Rather like the even more dissonant Rathaus, Toch saw the dreadful writing early and left Germany in the very early 1930s fetching up in the USA and finally settling in California. The two Divertimenti, each for a duo, are full of unstemmable torrents and floods of energy though the pressure lets up in the middle movements - respectively an Intermezzo and an Adagio. Toch wrote music that suggests relentless pursuit by demons or angels - usually demons. No wonder Hollywood sought him out for the night-chase in the Shirley Temple film of Heidi.
The Op. 70 quartet was his Twelfth (there was to be one more). It is in four movements of unremitting intensity. That tension is even felt in the tautness of the Schoenbergian adagio which is strong and is played 'with all guns blazing'. The third movement is marked Pensive Serenade.
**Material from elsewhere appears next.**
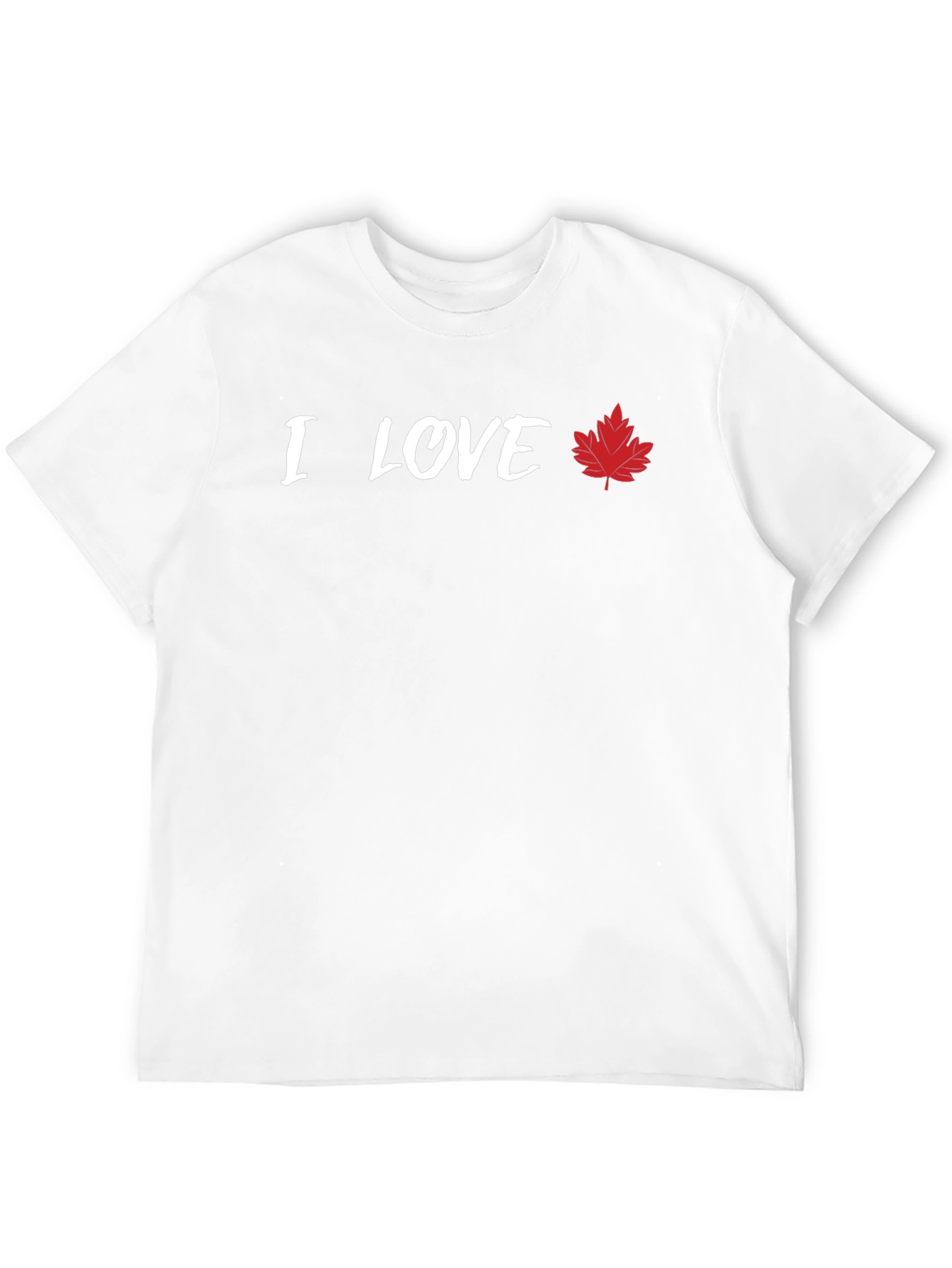 I Love Canada Graphic T-Shirt - Maple Leaf Tee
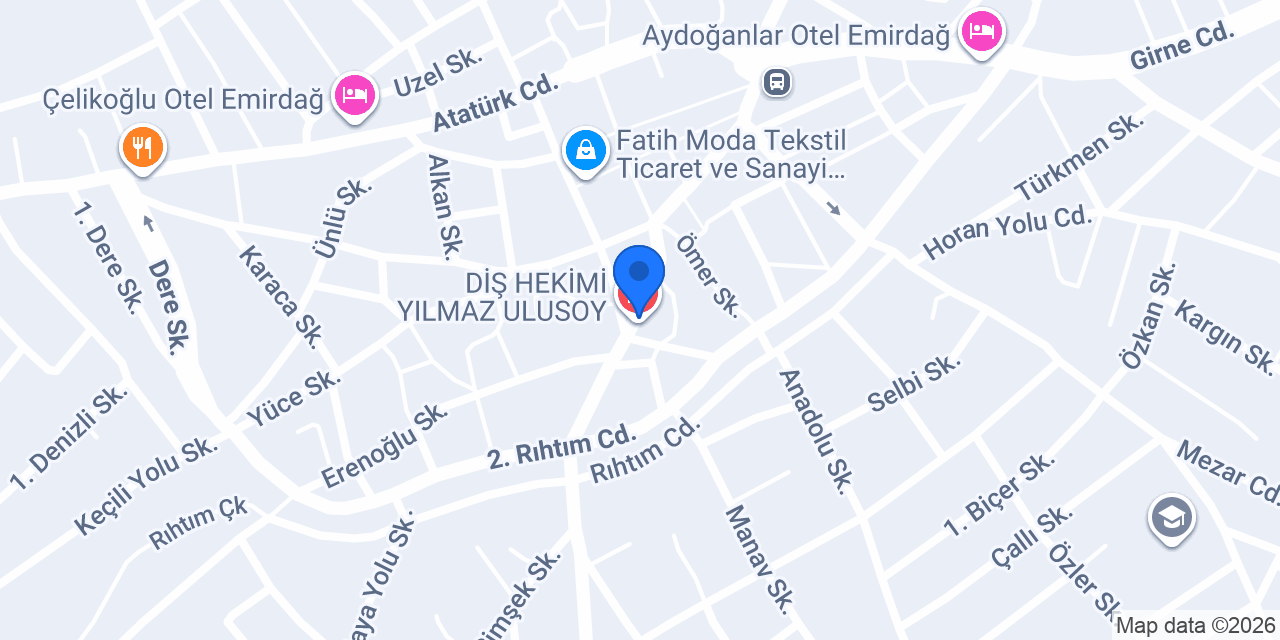 Ayaz erkek kuaförü konumu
It curves endlessly in acidic violin-led swallow dives.
Dedication (for quartet) was written in 1948 for the Santa Monica wedding of Toch's only daughter, Franzi, to Irving Weschler. It is elegiac, which is perhaps rather surprising for a wedding piece, and is redolent of the Siegfried Idyll crossed with Pierrot Lunaire. Nothing to startle and an essay that avoids the high pressure lyricism of the other works on this rewarding disc.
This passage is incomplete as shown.